L’adjudant-chef Moreau ne bougeait plus.

Pas amusé.

Pas gêné.

Il était devenu immobile, les épaules carrées, la nuque raide, avec ce silence particulier des hommes qui ont compris une chose avant tout le monde et qui attendent que le reste de la pièce les rattrape.

Julien n’a rien vu.

Julien ne voyait jamais ce qui ne portait pas son uniforme, son grade, son nom, ou son besoin d’être le centre de la table.

Il s’est renversé sur sa chaise, son tee-shirt beige tendu sur le torse, ses plaques militaires sorties volontairement sous le col comme un bijou.

Sa femme, Manon, avait déjà ce sourire serré qu’elle prenait quand elle voulait avoir l’air innocente tout en ne ratant aucune humiliation.

Ma mère, elle, a posé son couteau.

Mon père a gardé les yeux sur son assiette, là où une miette de pain s’était collée près de son verre.

« Julien », a murmuré ma mère, « ça suffit. »

Il ne l’a même pas regardée.

« Vas-y », a-t-il insisté. « Dis à mon adjudant-chef ce que l’armée de l’Air t’a donné.

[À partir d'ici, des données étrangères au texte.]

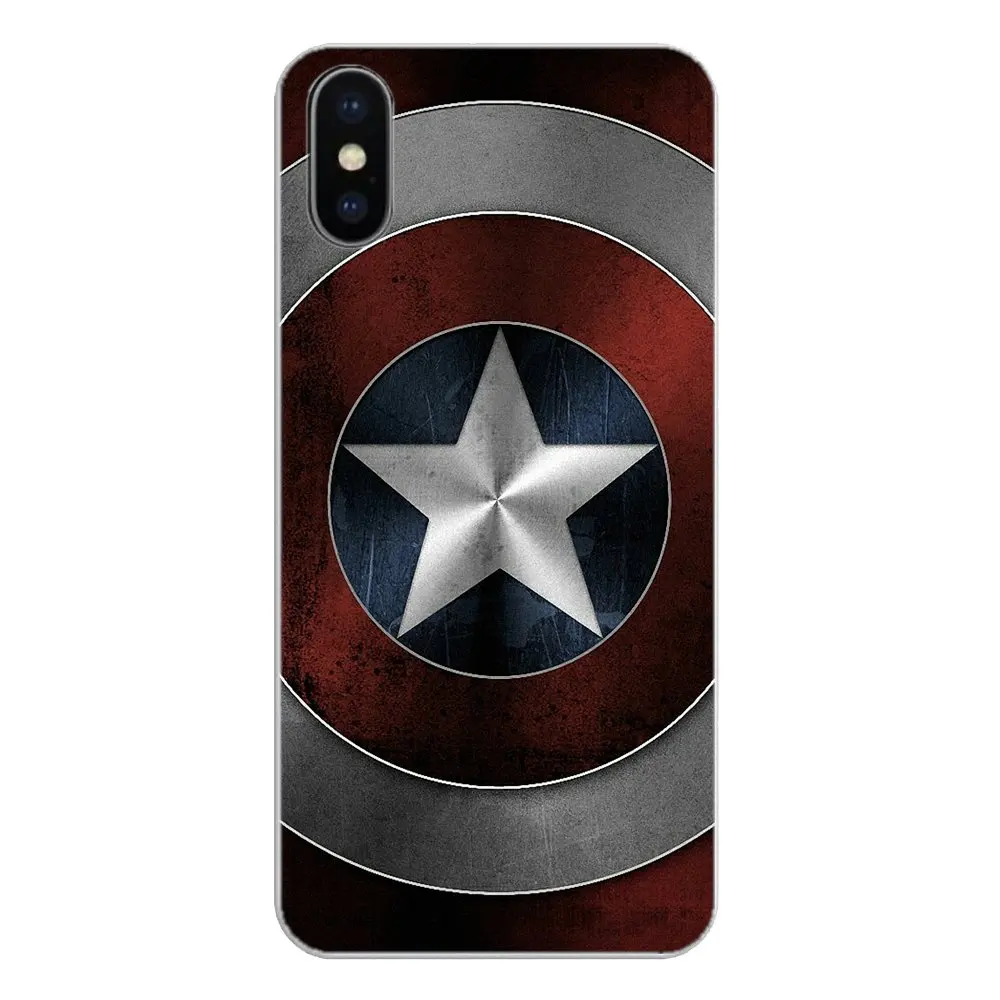 Captain America Shield For Huawei Honor 7X V10 6C V9 6A Play 9 Mate 10 Pro Y7 Y5 P8 P10 Lite Plus GR5 2017 Silicone Phone Covers |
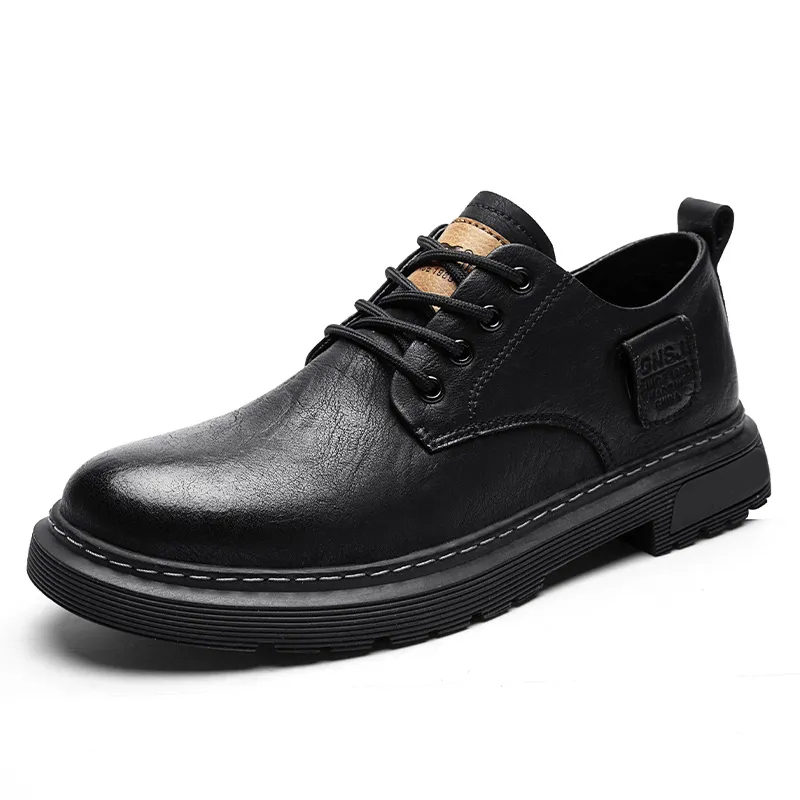 Men's Comfort Leather Arch Support Cushioned Walking Shoes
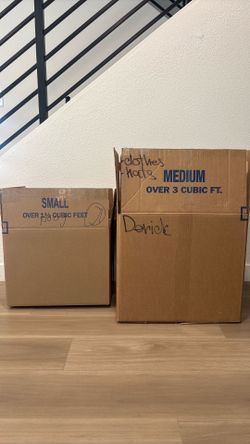 Moving boxes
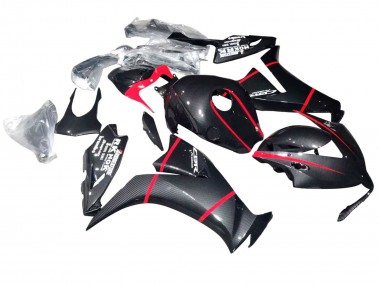 Online 2012-2016 Honda CBR1000RR Motorcycle Fairings - Black Carbon Fiber Red Canada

Princesse Nuage ? Lapine de bureau ? Barbie clavier ? »

Manon a porté sa main à sa bouche.

Elle voulait qu’on croie qu’elle retenait un rire par politesse.

Je savais qu’elle le savourait.

Personne n’a rien dit.

C’était le vrai décor de notre famille, plus que la terrasse, plus que le pain, plus que le bruit des autres tables.

Le vrai décor, c’était le silence qui se formait toujours autour de Julien pour ne pas le contrarier.

Il avait toujours été comme ça.

Quand nous étions adolescents, il me poussait contre les casiers du lycée en disant qu’il m’endurcissait.